The present body of research implies that a high dietary sugar intake may lead to overweight and obesity due to an overload of calories [41], and consequently, the indirect pathway via overweight and obesity is the causal risk factor for incident T2D [42]. However, other direct sugar-related pathophysiologic mechanisms might have an impact on the association between dietary sugar intake and T2D. For instance, a high dietary sugar intake, and especially fructose intake, has been associated with increased liver fat content and non-alcoholic fatty liver disease [43, 44], which are causal risk factors for insulin resistance [45]. Beyond that, a diet high in added sugars can lead to a higher glycaemic and insulinemic response due to a higher glycaemic load [46], which is associated with an increased risk of T2D [47, 48].
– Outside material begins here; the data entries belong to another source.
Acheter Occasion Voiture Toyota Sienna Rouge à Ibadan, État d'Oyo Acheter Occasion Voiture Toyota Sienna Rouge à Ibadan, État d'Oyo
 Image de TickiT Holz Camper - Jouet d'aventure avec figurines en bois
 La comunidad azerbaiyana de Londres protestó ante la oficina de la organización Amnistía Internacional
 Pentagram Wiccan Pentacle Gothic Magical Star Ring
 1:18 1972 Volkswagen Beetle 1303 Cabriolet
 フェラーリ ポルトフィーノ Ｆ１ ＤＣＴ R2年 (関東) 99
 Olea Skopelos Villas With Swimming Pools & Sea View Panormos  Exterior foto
Our study has several strengths and limitations. This was the first study that investigated the indirect impact and mediation effect of BMI or WC on the association between dietary sugar intake and incidence of diabetes in a prospective approach using individual data. Furthermore, different assessment methods of sucrose were available and thus, results of dietary sucrose assessed with FFQ and 7DD could be compared to urinary sucrose. However, our study had some limitations as well. First, only 97 participants developed T2D during follow-up. Due to this small number, 95% CIs were wide and thus, findings were imprecisely estimated. Consequently, these findings should be interpreted with caution. Second, a large number of participants in our study population died during the follow-up period (n = 1358). As we considered death as a censoring event for the time to incident diagnosis, we assume that time to death and time to diabetes diagnosis are independent. However, this assumption might not be fulfilled, and thus, competing risk cannot be ruled out. Third, the urinary sucrose levels of 42.5% of the participants were below and 0.9% above the detection level of 5–500 µM (n = 2292). Recent studies used other methods with a lower detection limit to assess urinary sucrose, and thus, excluded a lower percentage of their participants (~4–10%) [34, 38]. We, therefore, conducted a sensitivity analysis and imputed sucrose values outside the detection limits. However, after including these imputed values the association between urinary sucrose and incidence of diabetes was u-shaped, and thus, we cannot be sure if the measured values below the detection limit represent the true values. Fourth, urinary sucrose was only measured once and assessed via spot urine samples. Urinary sucrose from spot urine was also considered in other studies [18, 19, 38], however, no validation studies have been conducted so far, that investigated whether spot urine has the potential to predict usual sucrose intake.

Conclusions

Our findings showed that sucrose measured as objective urinary biomarker points to an increased incidence of diabetes. BMI and WC may partly mediate this association; however, it is possible that other mechanisms also play a role. More large-scale epidemiological studies considering objective sucrose biomarkers are warranted to obtain more precise results.